Sometimes you're so far away for so long that I begin to wonder if the smile I think about every other moment really belongs to you, or if it's just another rosy imagining of mine. I start to get confused about what has really happened and what I wish had – the thoughts (memories?) of you blur, and I see you through a rainy windowpane, driving away into gray wetness (without me).
You become faint; like mist that's clearly there, all around in my mind, but so frustratingly intangible when I try to grasp you, to look at what you really are.
(my fingers close around a mere vapor feeling)
Sometimes you're gone for so long that I begin to wonder if I ever really met you; or if you were just someone I dreamed up to fall in love with. Little girls do that sometimes, don't they?
But then someone says your name ("What lovely clouds"), and the sharp leaping of my blood could only be caused by someone real.

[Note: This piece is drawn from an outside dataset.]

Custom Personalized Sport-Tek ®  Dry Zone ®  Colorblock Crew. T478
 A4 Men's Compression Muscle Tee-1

But other times you're so close, sitting just across the table with a fork and knife in hand. And it's those times, when I can see your smile right in front of me (it is real!) that my blood leaps the sharpest, like a jagged rainbow trout sawing at my veins. I can't say anything in those moments – well, none of the things I want to. I can only bring myself to ask silly things like, "Would you like some green beans?" or "How was your day?" instead of the things I really want to say.
(stay, stay, stay!)
I get so scared in those moments, even though I'm so happy, too. I get scared that you'll finish your meal and thank me and the next morning I'll wake up and you'll be gone again.

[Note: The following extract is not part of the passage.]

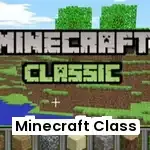 minecraft classic Unblocked gameplay screenshot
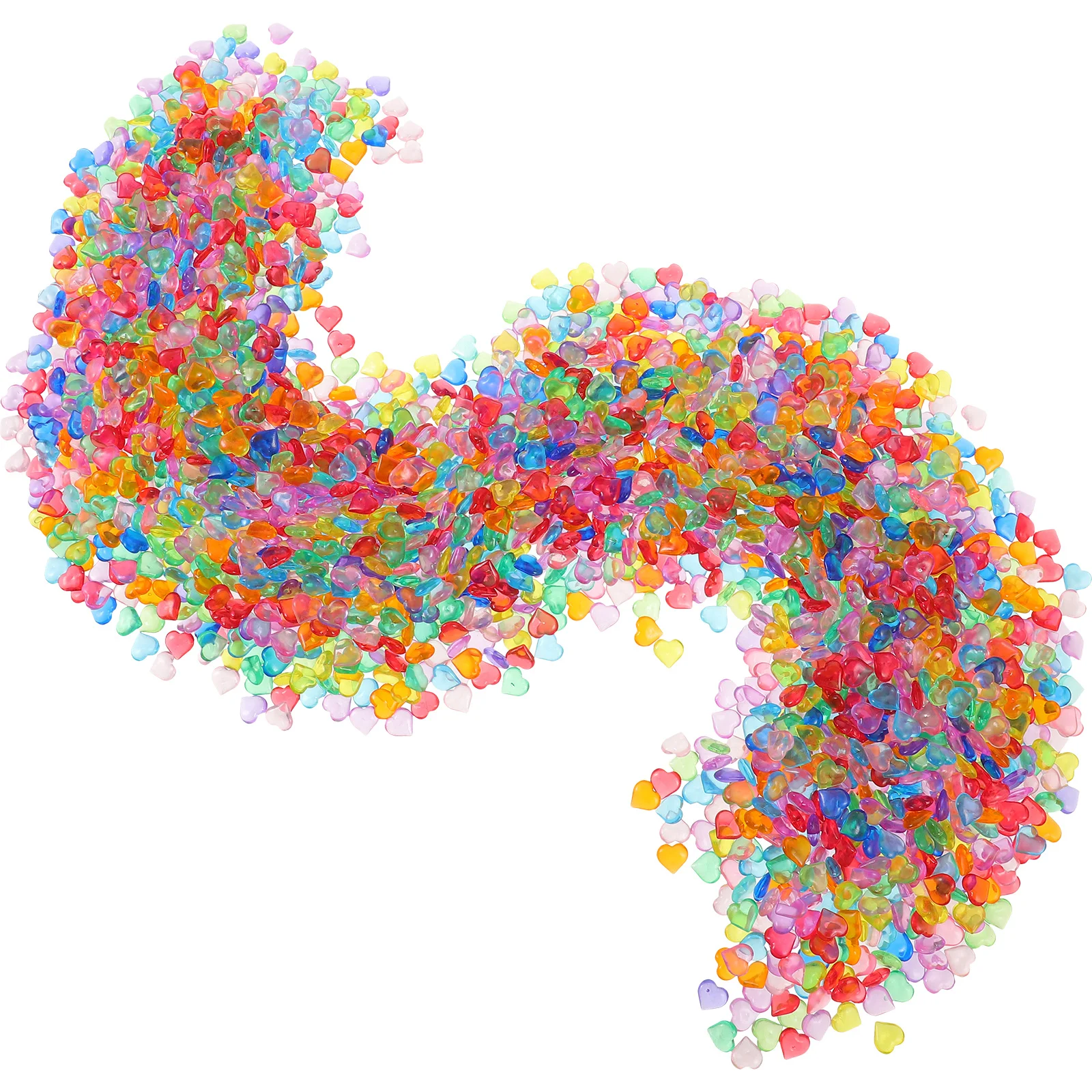 

Сумка в форме сердца, акриловый хрустальный наполнитель для вазы, украшения для свадебного стола, наполнитель для вечеринки в честь Дня святого Валентина, акриловый кристалл с бриллиантами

And it's sad because being scared doesn't keep those fears from being realized.
I wish I were brave enough to tell you all these things that have been fluttering around in my throat for so long, these words like claustrophobic moths flapping themselves to dusty-winged deaths – so many, many things – but every time, I can only swallow and push back the wings into aching darkness.
And I wish you were brave enough, too, to one day take me by the shoulders and tell me all the things that I can see lurking in your eyes, the shadows that shroud your every expression.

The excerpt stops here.